Le Premier Vice-Président de la Représentation Nationale, l’Honorable Jean Symphorien MAPENZI assisté du 3ème Vice-président, l’Honorable Ernest MIZEDIO et du Premier questeur, l’Honorable Augustin TO-SAH-BENZA, a reçu successivement en audiences hier Mercredi 16 Mai 2018 en début d’après-midi, des personnalités étrangères et nationales.

Tout d’abord, le Représentant résident de la Banque Mondiale en Centrafrique, Monsieur Robert BOU-JAOUDE venu s’entretenir avec l’honorable MAPENZI au salon d’honneur, sur la préparation d’un séminaire d’échange d’expériences internationales à l’intention des membres du Bureau et des Commissions prévu pour les 30-31 Mai, et 1er juin 2018 à Bangui.

« Cet atelier sera une formation qui permettra d’introduire l’expérience internationale et de voir comment les autres pays gèrent des sujets spécifiques » a déclaré Monsieur BOU-JAOUDE à la presse parlementaire.

Les deux personnalités ont mis à profit cette rencontre pour faire le tour des projets financés par la Banque Mondiale dans le cadre du Relèvement pour la Consolidation de la Paix en Centrafrique (RCPCA) et évoquer l’article 60 de la Constitution du 30 Mars 2016 qui spécifie que pour toute concession minière et autre, il faut une autorisation préalable de l’Assemblée Nationale.

Puis, la Présidente de la Cour Constitutionnelle, Madame Danielle DARLAN et son Vice-Président, Monsieur Jean Pierre WABOE ont été également introduits auprès du Premier Vice-Président l’Honorable Jean Symphorien MAPENZI. Les échanges ont porté sur la possibilité de développer la collaboration entre les institutions qui doivent dialoguer.

Il s’agit également au cours de cette entrevue, pour les deux parties de passer en revue, la situation politique marquée par la recrudescence de la violence aussi bien à Bangui qu’en provinces sans occulter les questions liées à l’économie, et au social.

Interrogée à sa sortie de l’audience par la presse parlementaire, la Présidente de la cour constitutionnelle, Madame Danielle DARLAN a déclaré: « Nous sommes les gardiens de l’ordre constitutionnel.

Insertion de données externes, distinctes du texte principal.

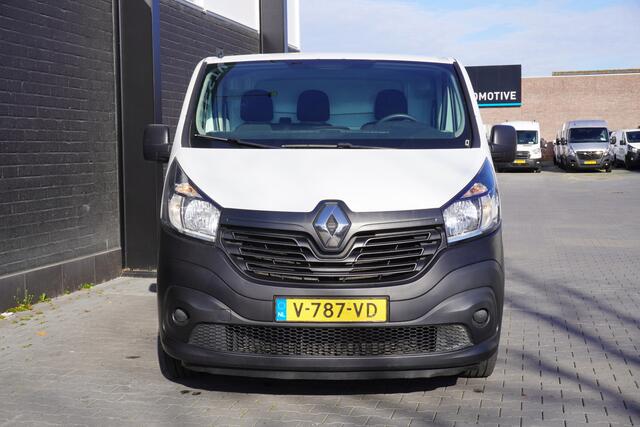 Renault TRAFIC 1.6 dCi L2 EURO 6 - Airco - Cruise - Trekhaak - ¤ 9.950,- Excl.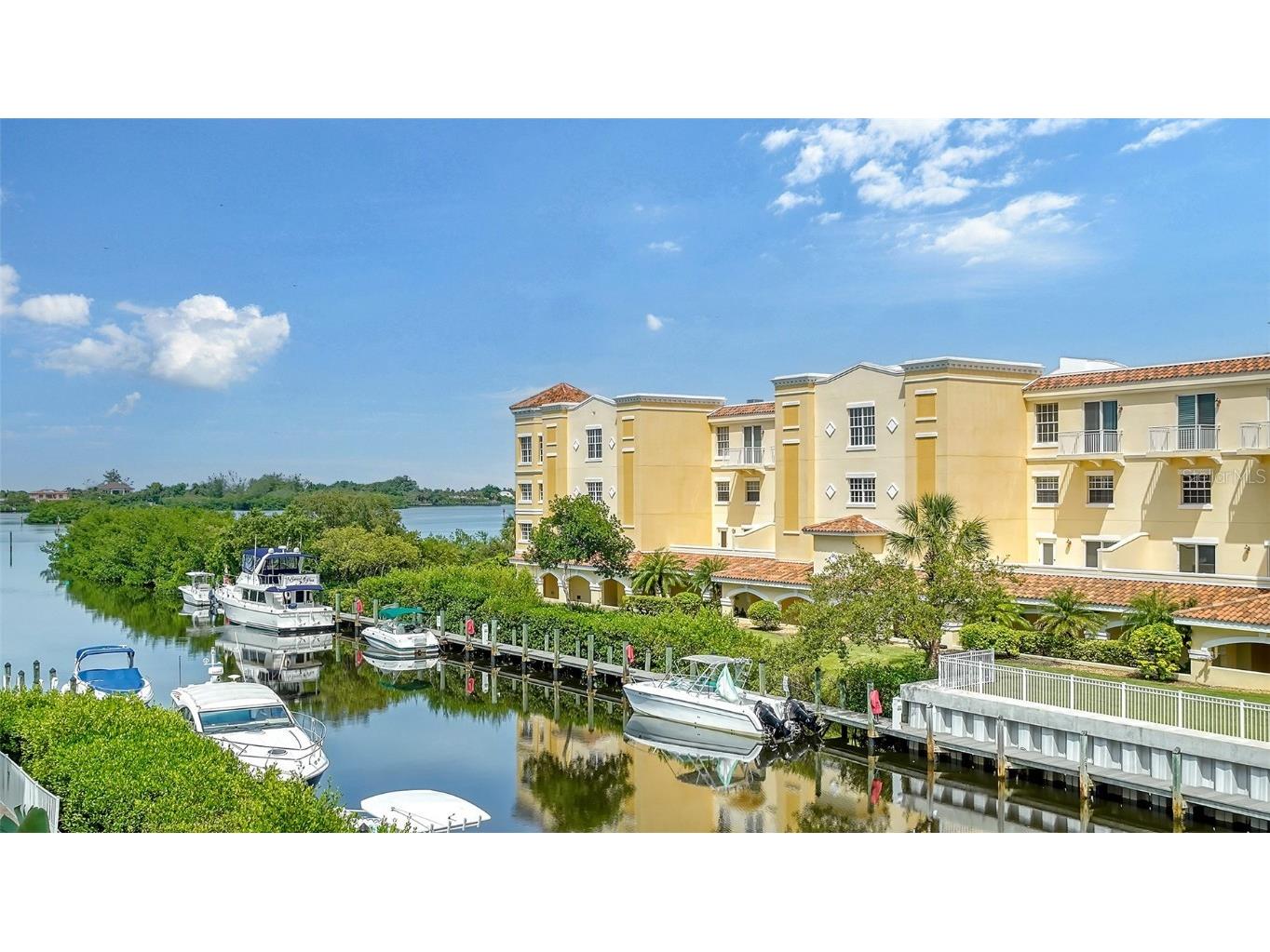 14041 Bellagio Way #316 Osprey FL 34229 - LITTLE SARASOTA BAY A4622973 image31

Donc tout ce qui ne rentre pas dans le cadre de la constitution ne nous convient pas ». Parlant de la communication entre les institutions, Madame DARLAN a ajouté: « Entre les institutions, nous devons nous parler d’autant plus que la situation est difficile ». « Vous savez qu’actuellement, la situation est difficile » a-t-elle conclu.